[R] Time and db precision

Thu May 26 17:04:24 CEST 2011

Thanks Marc,

I had just come up with another, slightly more convoluted solution. Add as.is = TRUE to the query and then get the timetoken with
  timetoken <- df$timestamp[df$timestamp == max(as.POSIX(df$timestamp))]

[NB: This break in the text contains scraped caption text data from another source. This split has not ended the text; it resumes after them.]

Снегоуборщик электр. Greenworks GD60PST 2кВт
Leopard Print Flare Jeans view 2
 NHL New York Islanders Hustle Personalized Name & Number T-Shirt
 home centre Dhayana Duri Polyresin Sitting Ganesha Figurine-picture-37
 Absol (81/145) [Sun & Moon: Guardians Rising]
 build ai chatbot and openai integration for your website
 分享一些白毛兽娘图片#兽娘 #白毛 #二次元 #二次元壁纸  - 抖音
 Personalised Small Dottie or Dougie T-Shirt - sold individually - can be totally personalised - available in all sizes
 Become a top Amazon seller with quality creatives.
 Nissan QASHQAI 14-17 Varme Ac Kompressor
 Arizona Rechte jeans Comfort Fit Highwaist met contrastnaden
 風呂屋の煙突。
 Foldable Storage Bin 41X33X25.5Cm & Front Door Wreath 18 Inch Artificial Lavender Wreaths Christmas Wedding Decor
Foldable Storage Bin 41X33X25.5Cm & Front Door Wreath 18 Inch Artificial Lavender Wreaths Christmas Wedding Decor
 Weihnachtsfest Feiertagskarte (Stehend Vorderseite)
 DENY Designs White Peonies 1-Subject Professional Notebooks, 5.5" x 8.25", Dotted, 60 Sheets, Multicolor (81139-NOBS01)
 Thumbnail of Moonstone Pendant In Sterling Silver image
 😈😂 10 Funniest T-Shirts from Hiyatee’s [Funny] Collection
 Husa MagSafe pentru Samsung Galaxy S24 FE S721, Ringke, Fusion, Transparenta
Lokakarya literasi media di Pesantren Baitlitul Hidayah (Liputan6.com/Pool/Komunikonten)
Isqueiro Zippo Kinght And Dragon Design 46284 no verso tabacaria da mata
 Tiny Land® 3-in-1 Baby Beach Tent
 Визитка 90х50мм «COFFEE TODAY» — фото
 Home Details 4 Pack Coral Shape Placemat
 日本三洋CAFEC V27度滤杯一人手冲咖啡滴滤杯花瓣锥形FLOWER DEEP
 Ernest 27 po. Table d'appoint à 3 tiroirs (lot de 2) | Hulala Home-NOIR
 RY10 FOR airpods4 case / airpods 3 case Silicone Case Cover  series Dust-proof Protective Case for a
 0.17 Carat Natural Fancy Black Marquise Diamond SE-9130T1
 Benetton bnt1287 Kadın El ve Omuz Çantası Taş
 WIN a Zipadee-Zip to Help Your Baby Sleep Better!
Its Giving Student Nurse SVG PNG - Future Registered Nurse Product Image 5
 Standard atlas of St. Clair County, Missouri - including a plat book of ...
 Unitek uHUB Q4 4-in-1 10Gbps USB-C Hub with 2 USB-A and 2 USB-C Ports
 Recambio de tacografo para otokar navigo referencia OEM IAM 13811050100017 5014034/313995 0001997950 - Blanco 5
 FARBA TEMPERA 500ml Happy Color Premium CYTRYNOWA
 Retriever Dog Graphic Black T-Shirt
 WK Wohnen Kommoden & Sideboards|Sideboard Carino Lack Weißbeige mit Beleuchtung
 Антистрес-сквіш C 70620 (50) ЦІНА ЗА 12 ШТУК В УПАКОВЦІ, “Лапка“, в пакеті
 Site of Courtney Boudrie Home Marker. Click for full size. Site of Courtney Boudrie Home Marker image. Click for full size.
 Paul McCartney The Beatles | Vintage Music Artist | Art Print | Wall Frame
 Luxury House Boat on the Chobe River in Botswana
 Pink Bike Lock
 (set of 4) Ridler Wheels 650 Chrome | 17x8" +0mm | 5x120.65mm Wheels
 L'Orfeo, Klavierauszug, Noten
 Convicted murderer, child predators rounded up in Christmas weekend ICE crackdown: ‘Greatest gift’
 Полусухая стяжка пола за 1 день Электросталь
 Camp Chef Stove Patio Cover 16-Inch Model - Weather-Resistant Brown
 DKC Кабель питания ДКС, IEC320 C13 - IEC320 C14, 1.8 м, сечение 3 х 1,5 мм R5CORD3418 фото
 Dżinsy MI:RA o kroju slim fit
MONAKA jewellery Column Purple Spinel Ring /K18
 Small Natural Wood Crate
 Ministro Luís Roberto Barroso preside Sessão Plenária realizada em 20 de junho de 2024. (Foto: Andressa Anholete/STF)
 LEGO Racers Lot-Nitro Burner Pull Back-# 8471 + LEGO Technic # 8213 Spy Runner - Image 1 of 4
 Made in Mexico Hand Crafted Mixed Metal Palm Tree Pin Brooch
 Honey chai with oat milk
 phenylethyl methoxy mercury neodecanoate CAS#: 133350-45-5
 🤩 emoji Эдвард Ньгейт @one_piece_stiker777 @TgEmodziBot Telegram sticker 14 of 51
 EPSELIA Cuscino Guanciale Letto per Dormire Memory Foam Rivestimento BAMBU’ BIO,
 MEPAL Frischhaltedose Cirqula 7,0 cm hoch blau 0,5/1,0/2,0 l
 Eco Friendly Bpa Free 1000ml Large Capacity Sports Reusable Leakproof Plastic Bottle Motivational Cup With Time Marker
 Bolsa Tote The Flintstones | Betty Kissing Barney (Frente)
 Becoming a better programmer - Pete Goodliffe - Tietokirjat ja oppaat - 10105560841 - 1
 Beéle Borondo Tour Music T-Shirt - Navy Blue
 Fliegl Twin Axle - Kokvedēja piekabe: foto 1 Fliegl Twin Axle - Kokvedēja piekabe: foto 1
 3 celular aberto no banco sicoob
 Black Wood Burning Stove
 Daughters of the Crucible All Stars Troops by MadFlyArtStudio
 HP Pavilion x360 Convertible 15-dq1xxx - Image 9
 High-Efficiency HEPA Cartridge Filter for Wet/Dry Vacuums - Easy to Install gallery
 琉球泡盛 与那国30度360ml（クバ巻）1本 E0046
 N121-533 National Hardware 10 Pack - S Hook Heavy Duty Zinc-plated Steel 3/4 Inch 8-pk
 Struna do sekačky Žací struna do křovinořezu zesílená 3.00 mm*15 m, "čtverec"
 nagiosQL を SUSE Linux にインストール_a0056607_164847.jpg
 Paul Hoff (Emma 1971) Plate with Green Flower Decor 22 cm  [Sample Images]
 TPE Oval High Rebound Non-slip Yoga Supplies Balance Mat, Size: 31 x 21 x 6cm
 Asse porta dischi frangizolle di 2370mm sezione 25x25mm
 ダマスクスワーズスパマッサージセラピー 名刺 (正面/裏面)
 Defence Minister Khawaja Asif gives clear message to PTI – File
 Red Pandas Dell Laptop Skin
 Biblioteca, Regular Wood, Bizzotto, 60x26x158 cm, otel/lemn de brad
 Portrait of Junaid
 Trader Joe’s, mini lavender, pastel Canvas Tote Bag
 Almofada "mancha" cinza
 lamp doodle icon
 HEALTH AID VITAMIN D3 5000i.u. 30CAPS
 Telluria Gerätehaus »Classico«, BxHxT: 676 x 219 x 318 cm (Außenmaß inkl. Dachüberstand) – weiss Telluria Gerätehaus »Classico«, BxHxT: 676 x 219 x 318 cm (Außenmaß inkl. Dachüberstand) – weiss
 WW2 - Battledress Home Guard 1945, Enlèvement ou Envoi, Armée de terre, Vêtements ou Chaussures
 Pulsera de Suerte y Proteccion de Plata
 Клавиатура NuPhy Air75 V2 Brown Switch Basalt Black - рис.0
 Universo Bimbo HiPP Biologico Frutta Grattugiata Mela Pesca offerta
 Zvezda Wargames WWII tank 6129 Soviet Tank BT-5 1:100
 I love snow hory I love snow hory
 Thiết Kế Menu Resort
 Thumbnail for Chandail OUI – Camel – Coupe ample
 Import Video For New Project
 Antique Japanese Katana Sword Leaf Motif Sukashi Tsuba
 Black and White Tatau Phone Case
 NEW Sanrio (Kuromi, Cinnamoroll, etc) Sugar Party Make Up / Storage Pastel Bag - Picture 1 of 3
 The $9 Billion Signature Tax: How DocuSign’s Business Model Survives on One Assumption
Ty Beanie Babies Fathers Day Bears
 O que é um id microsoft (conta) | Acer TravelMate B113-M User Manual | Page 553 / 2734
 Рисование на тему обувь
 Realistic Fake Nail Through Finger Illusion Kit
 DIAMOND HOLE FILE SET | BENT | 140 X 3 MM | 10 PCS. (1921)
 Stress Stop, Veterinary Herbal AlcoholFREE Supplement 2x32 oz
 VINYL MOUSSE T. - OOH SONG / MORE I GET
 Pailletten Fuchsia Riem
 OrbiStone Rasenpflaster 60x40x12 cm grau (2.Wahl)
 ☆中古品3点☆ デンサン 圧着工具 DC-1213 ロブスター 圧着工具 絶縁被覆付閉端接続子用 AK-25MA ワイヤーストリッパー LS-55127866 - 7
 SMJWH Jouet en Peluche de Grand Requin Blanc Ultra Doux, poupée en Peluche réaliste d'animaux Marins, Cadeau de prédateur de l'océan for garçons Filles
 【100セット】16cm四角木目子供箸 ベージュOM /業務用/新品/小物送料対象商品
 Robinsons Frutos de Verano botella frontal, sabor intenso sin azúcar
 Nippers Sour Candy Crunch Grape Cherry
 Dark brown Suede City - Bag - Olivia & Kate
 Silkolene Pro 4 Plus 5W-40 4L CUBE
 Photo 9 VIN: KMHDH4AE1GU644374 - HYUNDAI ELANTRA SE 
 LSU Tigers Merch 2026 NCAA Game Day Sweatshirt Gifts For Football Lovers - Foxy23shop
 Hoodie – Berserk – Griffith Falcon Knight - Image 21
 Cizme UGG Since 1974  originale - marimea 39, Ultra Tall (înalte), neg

While it looks like options(digits.secs = 6) works, I worry that theoretically it just pushes the problem down to another level of decimal points. With the solution above, I apparently get the exact same value that was in the database.

Interestingly, 
  timetoken <- max(as.POSIX(df$timestamp))
does not appear to give me the same result.

Demo:
> a <- "2011-05-25 22:15:11.027116000"
> b <- "2011-05-25 22:15:11.027117000"
> c <- "2011-05-25 22:15:11.027118000"
> d <- c(a, b, c)
> d
[1] "2011-05-25 22:15:11.027116000" "2011-05-25 22:15:11.027117000" "2011-05-25 22:15:11.027118000"
> d[d == max(as.POSIXct(d))]
[1] "2011-05-25 22:15:11.027118000"
> max(as.POSIXct(d))
[1] "2011-05-25 22:15:11 COT"

--- On Thu, 5/26/11, Marc Schwartz <marc_schwartz at me.com> wrote:

> From: Marc Schwartz <marc_schwartz at me.com>
> Subject: Re: [R] Time and db precision
> To: "Mikkel Grum" <mi2kelgrum at yahoo.com>
> Cc: "R Help" <r-help at r-project.org>
> Date: Thursday, May 26, 2011, 8:22 AM
> 
> On May 25, 2011, at 6:25 PM, Mikkel Grum wrote:
> 
> > I have a loop that regularly checks for new data to
> analyse in my database. In order to facilitate this, the
> database table has a timestamp column with the time that the
> data was inserted into the database. Something like this:
> > 
> > while (....) {
> >    load(timetoken.Rdata)
> >    df <- sqlQuery(con, paste("SELECT *
> FROM tabledf WHERE timestamp > ", timetoken, sep = ""))
> >    analyse(df)
> >    timetoken <- max(df$timestamp)
> >    save(timetoken, file =
> "timetoken.Rdata")
> >    Sys.sleep(60)
> > }
> > 
> > Now this used to work fairly well with R and
> PostgreSQL on Windows, but on Ubuntu, I'm getting a lot of
> data being pulled up again and again. I suspect what is
> happening is that R is rounding off to the nearest second,
> while PostgreSQL is using a much higher level of precision,
> so that if no new data has come in in the meantime, chances
> are fairly high (50% ??) that the PostgreSQL timestamp is
> higher than the version that has been rounded off by R.
> > 
> > Is there any way of recording the timestamp in R
> exactly as it is in PostgreSQL? Or is there another way of
> dealing with this??
> > 
> > sessionInfo()
> > R version 2.11.1 (2010-05-31)
> > x86_64-pc-linux-gnu
> > 
> > locale:
> > [1] C
> > 
> > attached base packages:
> > [1] stats     graphics 
> grDevices utils     datasets 
> methods   base
> > 
> > other attached packages:
> > [1] RODBC_1.3-1
> > 
> > All assistance greatly appreciated.
> > 
> > Mikkel
> 
> 
> This query is better suited for R-SIG-DB:
> 
>   https://stat.ethz.ch/mailman/listinfo/r-sig-db
> 
> That being said:
> 
> See ?POSIXct
> 
> Check the actual output of paste("SELECT * FROM tabledf
> WHERE timestamp > ", timetoken, sep = "") to see what
> value 'timetoken' is actually taking as it is used in the
> query construct. As is noted in the above help file, be sure
> that options("digits.secs") is properly set, since the
> default will be to round printed output to the nearest
> second:
> 
> # A clean R session on OSX
> > options("digits.secs")
> $digits.secs
> NULL
> 
> # return current date/time as POSIXct
> 
> > Sys.time()
> [1] "2011-05-26 08:11:37 CDT"
> 
> options(digits.secs = 6)
> 
> > Sys.time()
> [1] "2011-05-26 08:12:07.080329 CDT"
> 
> 
> options(digits.secs = 0)
> 
> > paste("SELECT * FROM tabledf WHERE timestamp > ",
> Sys.time(), sep = "")
> [1] "SELECT * FROM tabledf WHERE timestamp > 2011-05-26
> 08:15:02"
>  
> options(digits.secs = 6)
> 
> > paste("SELECT * FROM tabledf WHERE timestamp > ",
> Sys.time(), sep = "")
> [1] "SELECT * FROM tabledf WHERE timestamp > 2011-05-26
> 08:15:12.005103"
> 
> 
> HTH,
> 
> Marc Schwartz
> 
>